Beumer mentions that other biographies of Nouwen are in the works. After their appearance, Henri Nouwen: A Restless Searching for God will doubtless fade into deserved obscurity.

Malcolm Muggeridge: A Biography

By Gregory Wolfe

Publisher: Eerdmans

Pages: 426

Price: $35

Review Author: Ted Atkinson

Near the end of this book, Wolfe argues, “Now that Malcolm Muggeridge’s life can be seen as a whole, it is time for a revaluation of his achievement and his place in twentieth-century letters.” But in the course of this thoroughly engaging biography of one of the most enigmatic figures of modern Western culture, Wolfe has already accomplished such a revaluation. He concludes quite forcefully that Muggeridge belongs in that honored gallery of British writers that includes his contemporaries Evelyn Waugh, Graham Greene, and George Orwell. Comparatively, Muggeridge’s work is certainly more diversified: He wrote plays, novels, newspaper articles, essays and memoirs, and worked extensively in television as an interviewer, panelist, and documentary filmmaker. Muggeridge is widely known as one of the first “talking heads.”
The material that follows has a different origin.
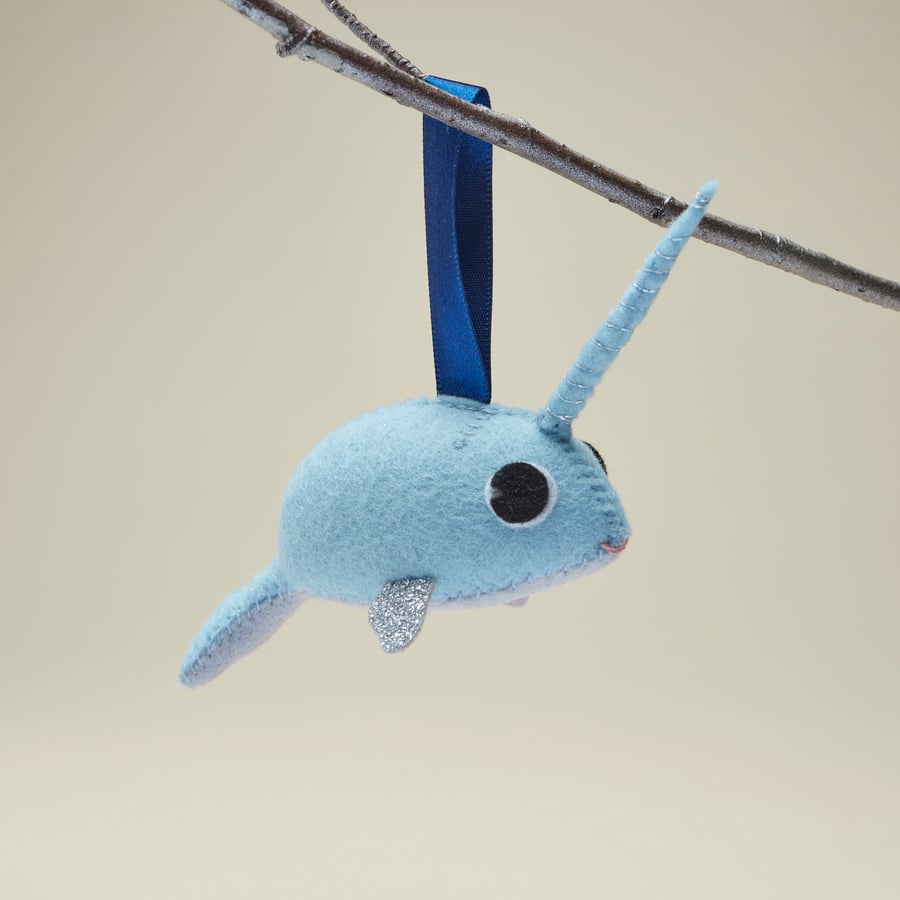 Icy blue Narwhal hanging ornament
One could complain that Wolfe abandons the traditionally objective stance of the biographer in order to act as an advocate for his subject. But in the case of Muggeridge one can hardly fault Wolfe, who ultimately comes much closer to a balanced viewpoint than Muggeridge’s numerous detractors have done. Moreover, Wolfe’s tone owes less to a preconceived agenda than to the simple fact that Muggeridge does not invite objectivity, given that his life’s work was devoted to incisive criticism of virtually any subject before him. And as Wolfe points out, Muggeridge’s critiques ran the gamut from insightful and cogent to mean-spirited and petty.

Whether commenting on what he viewed as secular piety in the Fabian circle, exposing human-rights abuses by a totalitarian Soviet regime, or keenly observing that the meeting of Windsor foibles and visual media would result in an ongoing Royal Soap Opera, Muggeridge had virtually oracular skills that enabled him to note with great consistency when the emperor was wearing no clothes. Wolfe’s biography does a great service in documenting the various observations made by Muggeridge that were initially met with contempt only to prove in retrospect to have been prophetic. Wolfe portrays Muggeridge as a man perpetually outside any political system, a man who maintained a consistent conviction that all utopian endeavors will fail.

A proponent of socialism early in his life, Muggeridge later aligned himself with conservative causes — anti-Communism and prolife activism, most notably. Rejecting the Enlightenment principles maintained by many of his intellectual counterparts, Muggeridge had no problem accepting a view of man as inherently flawed.

Eventually he decided that Christianity was the only viable antidote to rampant materialism in Western culture. This realization did not come easy. Like Simone Weil’s, whom he deeply admired, Muggeridge’s journey toward God took the path of most resistance. Because of his fundamental position as an outsider, Muggeridge found it difficult to join an institutional church. Finally, after achieving status as a celebrated Christian apologist, Muggeridge was confirmed as a Roman Catholic at the age of 79. For this move, Muggeridge drew harsh criticism, as his detractors accused him of insincerity, hypocrisy, and even senility. Wolfe effectively counters these charges, not just in his treatment of Muggeridge’s confirmation as a Catholic, but in his vivid chronicling of Muggeridge’s lifelong sense of being pursued by the Hound of Heaven. As Wolfe shows, the charge that Muggeridge was a Malcolm-come-lately does not hold up in the light of the extended journey made by this most intriguing pilgrim.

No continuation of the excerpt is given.